Data to process →
***
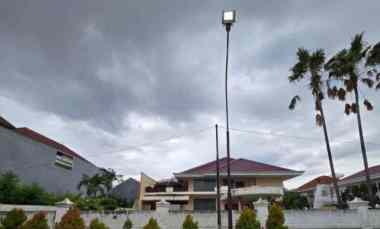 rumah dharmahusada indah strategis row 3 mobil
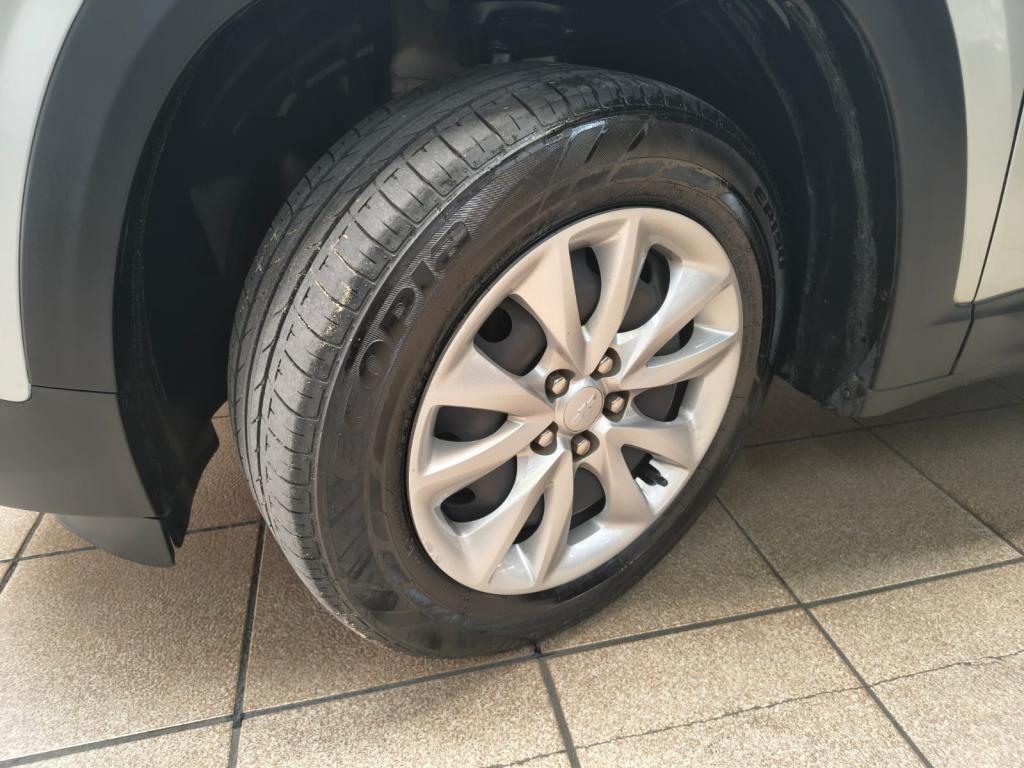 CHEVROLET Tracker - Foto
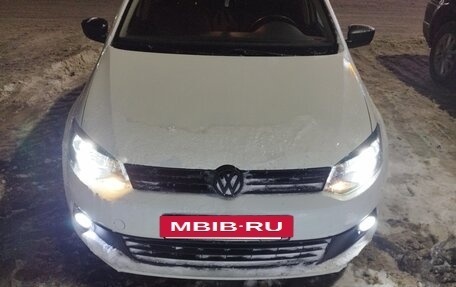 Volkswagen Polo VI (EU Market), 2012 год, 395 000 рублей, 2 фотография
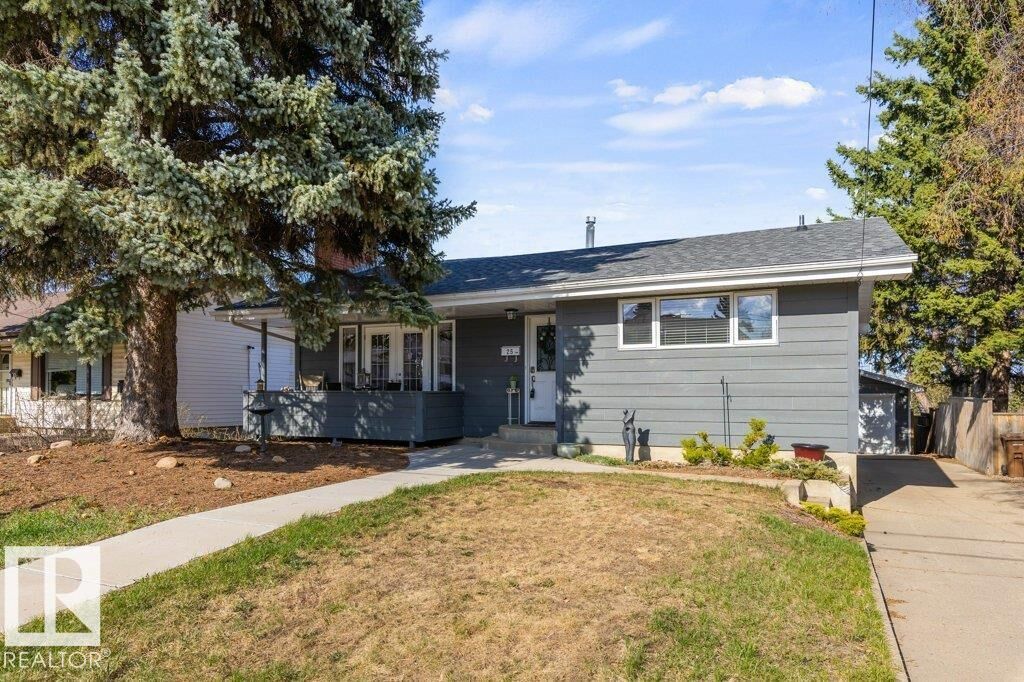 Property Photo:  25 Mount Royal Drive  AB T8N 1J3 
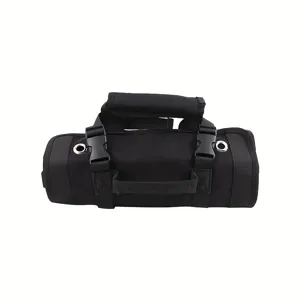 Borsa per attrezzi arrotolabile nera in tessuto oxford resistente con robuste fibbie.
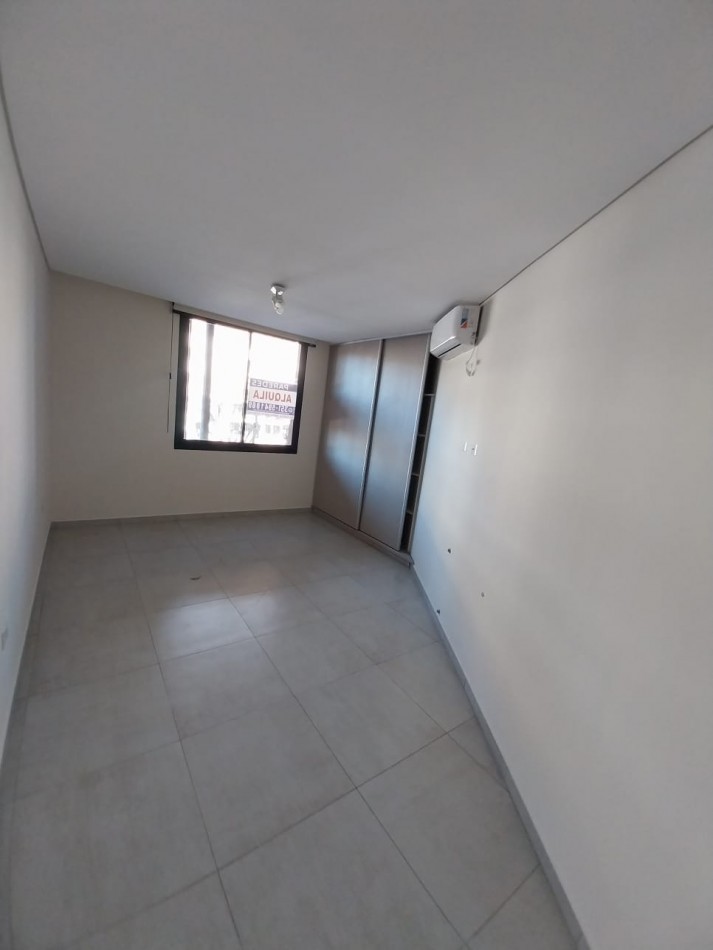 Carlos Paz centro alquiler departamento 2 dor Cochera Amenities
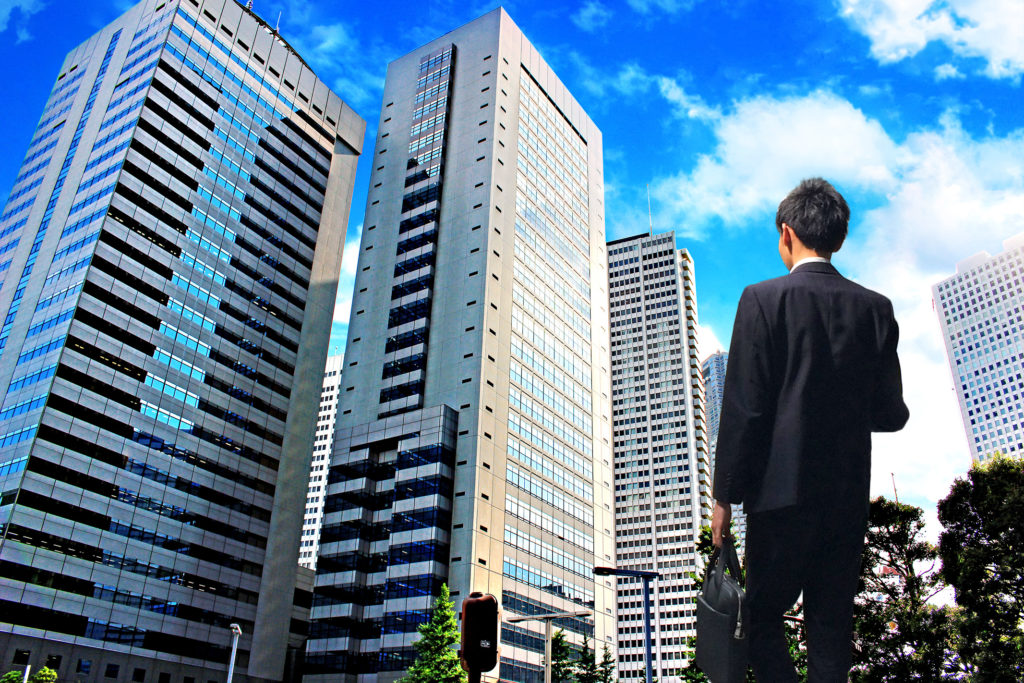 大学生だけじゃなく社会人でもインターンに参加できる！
***
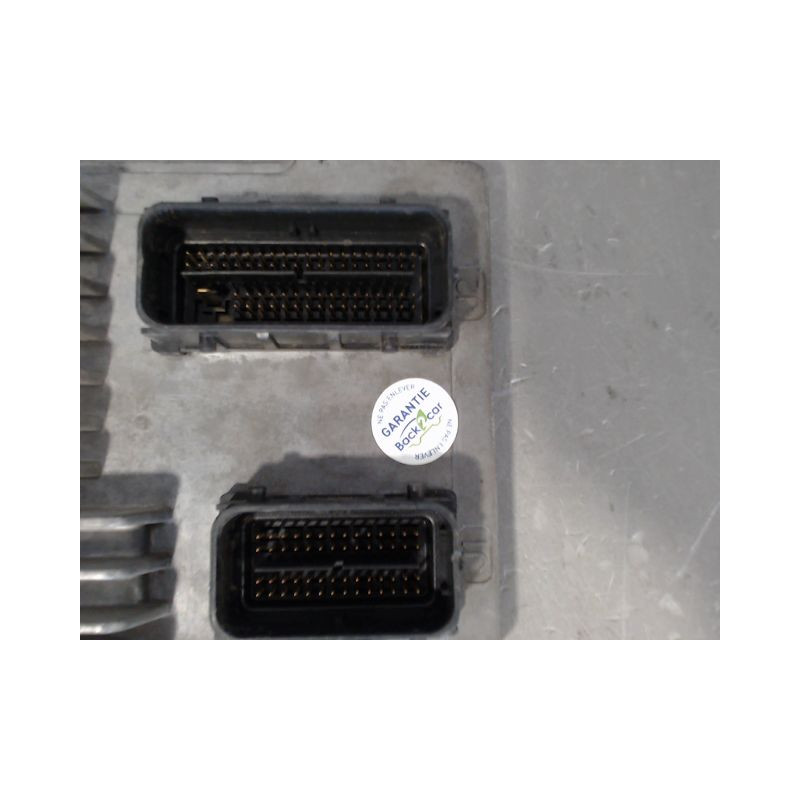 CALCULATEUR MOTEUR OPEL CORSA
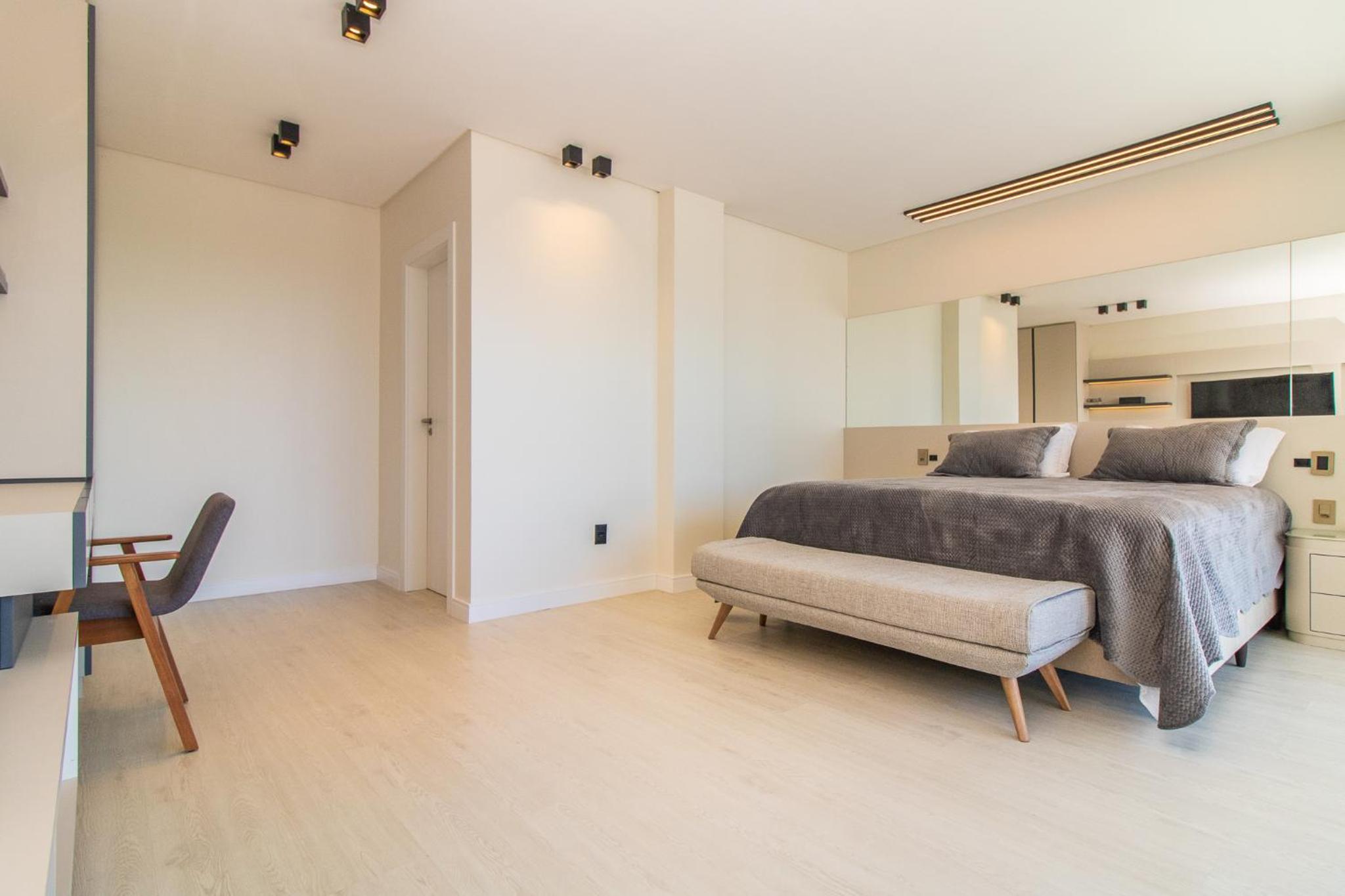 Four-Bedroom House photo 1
***
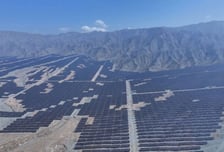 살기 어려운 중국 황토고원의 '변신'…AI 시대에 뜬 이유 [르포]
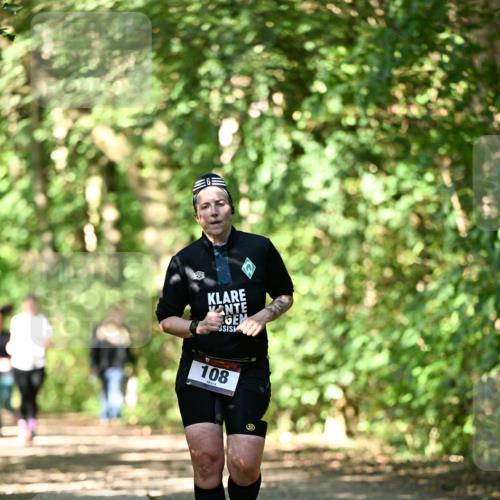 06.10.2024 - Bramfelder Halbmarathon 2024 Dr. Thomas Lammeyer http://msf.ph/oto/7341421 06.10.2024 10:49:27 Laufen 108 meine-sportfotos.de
***
Problem to solve → Would you copy out, exactly and with no pictures, only the lines above from the one that contains "Carlos Paz centro" through the one that contains "大学生だけじゃなく社会人でもインターンに参加できる！"?

Your solution →
 Carlos Paz centro alquiler departamento 2 dor Cochera Amenities
 大学生だけじゃなく社会人でもインターンに参加できる！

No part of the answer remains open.